Assignment:
When you copy the material below, keep every line exact and drop the pictures.

[Start of Attachment]

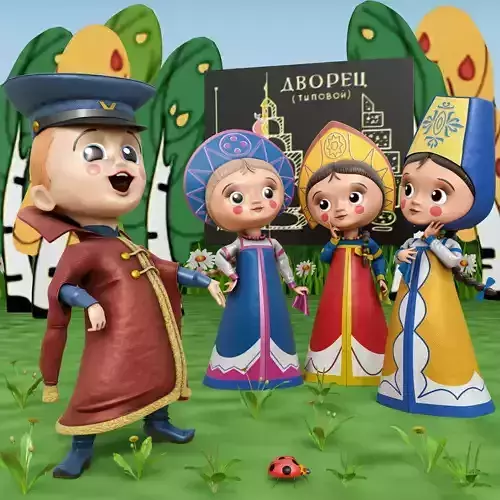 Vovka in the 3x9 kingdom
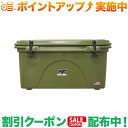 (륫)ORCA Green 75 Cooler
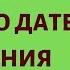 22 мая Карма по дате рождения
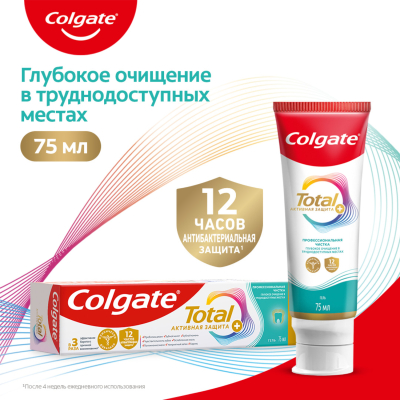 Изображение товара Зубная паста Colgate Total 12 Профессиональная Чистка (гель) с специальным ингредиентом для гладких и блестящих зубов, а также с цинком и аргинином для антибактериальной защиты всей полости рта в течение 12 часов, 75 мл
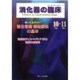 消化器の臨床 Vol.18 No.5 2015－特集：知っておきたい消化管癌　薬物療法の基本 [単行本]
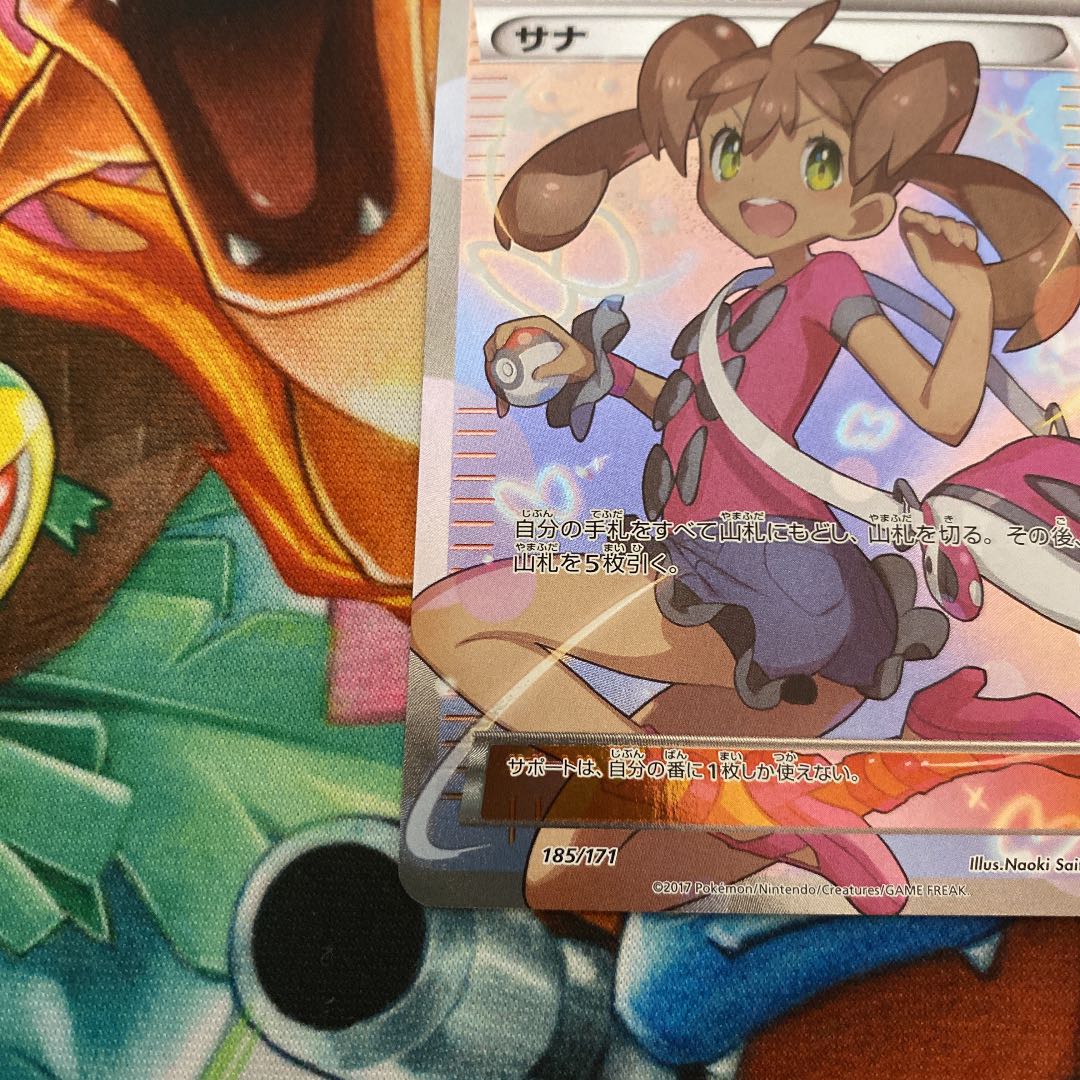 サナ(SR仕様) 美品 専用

[End of Attachment]

Response to this exercise:
 Vovka in the 3x9 kingdom
 (륫)ORCA Green 75 Cooler
 22 мая Карма по дате рождения
 Изображение товара Зубная паста Colgate Total 12 Профессиональная Чистка (гель) с специальным ингредиентом для гладких и блестящих зубов, а также с цинком и аргинином для антибактериальной защиты всей полости рта в течение 12 часов, 75 мл
 消化器の臨床 Vol.18 No.5 2015－特集：知っておきたい消化管癌　薬物療法の基本 [単行本]
 サナ(SR仕様) 美品 専用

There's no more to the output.